Why Testing is Hard:
// This test will PASS, but code is buggy!
test('getCachedProduct works', async () => {
const product = await getCachedProduct(123);
expect(product.name).toBe('Widget');
// ✅ Test passes
});
// Real world:
// - What if cache expires between check and use?
// - What if two requests race?
// - What if database updates during cache read?

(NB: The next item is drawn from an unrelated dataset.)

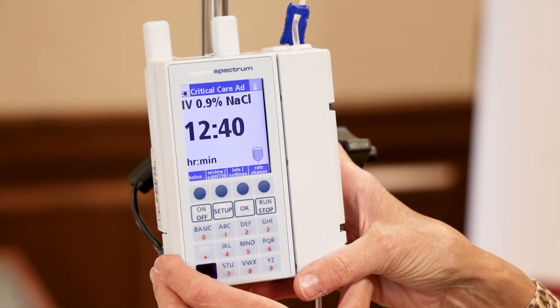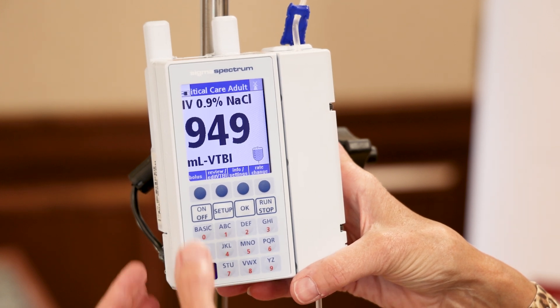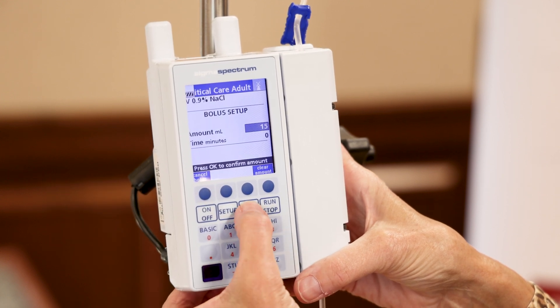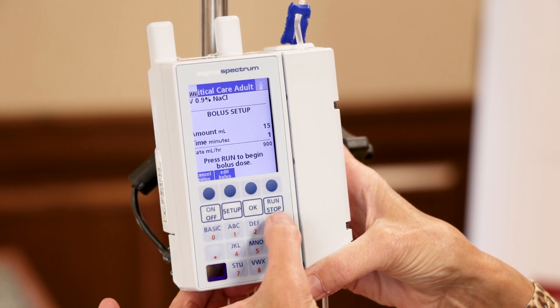So now we're going to program a bolus, and I'm going to manipulate the numbers just so that you can see what happens when it's completed. I'll use the soft key to highlight bolus. I'm going to do a bolus of 15 mLs over one minute, and press run.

// - What if cache server disconnects?
// You need to test:
// ❌ Cache hit
// ❌ Cache miss
// ❌ Cache expiration during request
// ❌ Cache failure/unavailable
// ❌ Stale data
// ❌ Race conditions
// ❌ Cache stampede
// ❌ Memory limits
// ❌ Distributed cache sync
Real Bug Example:
// Looks fine, but has a race condition!
async function getUser(id) {
let user = cache.get(id);
if (!user) {
user = await database.getUser(id);
cache.set(id, user);
}
return user;
}
// Race condition:
// Request A: Check cache → Miss → Start DB query
// Request B: Check cache → Miss → Start DB query
// Request A: DB returns → Set cache
// Request B: DB returns → Set cache
// Result: 2 database queries instead of 1!
Why This is Hard:
- Timing bugs are non-deterministic
- Only appear under load
- Can't reliably reproduce in tests
- Require complex mocking of cache behavior
The Fundamental Paradox 🤔
The ultimate problem with caching:
To make your app faster, you add caching.
But caching adds complexity.
Complexity causes bugs.
Debugging takes time.
Time makes development slower.
You added caching to go faster...
But now everything is slower! 😅
The Tradeoffs:
No Cache:
✅ Simple, predictable
✅ Always correct data
✅ Easy to test
❌ Slow
❌ High database load
With Cache:
✅ Fast
✅ Reduced database load
❌ Complex
❌ Risk of stale data
❌ Hard to test
❌ More things to monitor
❌ More things to go wrong
Why We Still Use Caching
Despite all these problems, caching is essential because:
- Speed Matters - Users expect instant responses
- Scale Requires It - Can't hit database for every request
- Cost Savings - Cheaper than buying more database servers
- Better UX - Fast apps are delightful to use
The key is: Use caching wisely, understand the tradeoffs, and plan for invalidation from day one!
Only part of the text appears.